Rather paradoxically, it's probably the least dated-looking entry in this vintage-Toronto-ad series--in spite of the fact that (or because?) it looks more like a mimeographed flyer than a magazine ad. The artistry almost suggests super-early Barbara Klunder, or something like it. (And other than her being black at all and stylized to boot, I can't say how "politically incorrect" the black dancer is; or at least no more politically incorrect than the rest of the ad--that's clearly lipstick, not "nigger lips".)
Come to think of it, maybe a gentrified return of something akin to the comedians-between-dancers routine suits our present age--or maybe it's because that presumed Starvin' Marvin depiction reminds me a little of Misha Glouberman...
The drawing of the black woman is reminiscent of the Golliwog and Jezebel caricatures. It's not just the lips, but how the eyes, hair, earrings and "exotic" body stripes are drawn, which are characteristic of imagery from a racist past that many people find offensive.
Even accounting for the Golliwog/Jezebel thing, it's borderline benign--at least, when viewed through a prism informed by anything from Tarantino to "South Park". (Not that *those* are terribly "politically correct", either; but there's a benignness from being closer to our time...)
This is simply amazing! The Toronto of the 60's and 70's is one my favourite places and eras...Thanks for the morning smile.
As well...makes me want to phone the number and ask for Starvin' Marvin':o)
One of my big regrets is never writing down my father's stories of late 1960s Toronto - he often mentioned going to see Bo Diddley at Le Coq D'Or and I'm sure I could have drawn a few more stories out of him of going to the various venues along Yonge (for example, I strongly suspect he saw Gordon Lightfoot at Steele's Tavern).
I can definitely relate with that, Jamie - My brothers and sisters (who are older than me) all came to Toronto to live and work in the 70's...I grew up in a small town on the myths and stories of that time and place.

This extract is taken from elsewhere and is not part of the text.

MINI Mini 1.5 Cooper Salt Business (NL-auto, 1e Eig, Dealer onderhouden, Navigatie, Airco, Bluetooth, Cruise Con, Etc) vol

Very beautiful work, indeed. (Especially since this was done in the pre-Photoshop/Illustrator days.) It just serves as a stark reminder to myself that I need to get away from the computer and start picking up a pencil more often.
At the age of 15, I went with some friends to the Victory Burlesque. As it was a 'restricted' show, 18 was the minimum age for admission but nobody ever asked for ID. For the price of admission, (75 cents? $1.25?) you'd see a few strippers, a comedian and a movie. I think that there was even a band in the orchestra pit.
Eaton's lingerie ads revealed almost as much as the strippers ever did. The comedian was Gene Taylor who went on to work at City-tv and the restricted movie was 'A Funny Thing Happened on the Way to the Forum'.
Pornography in Toronto ran rampant in 1966.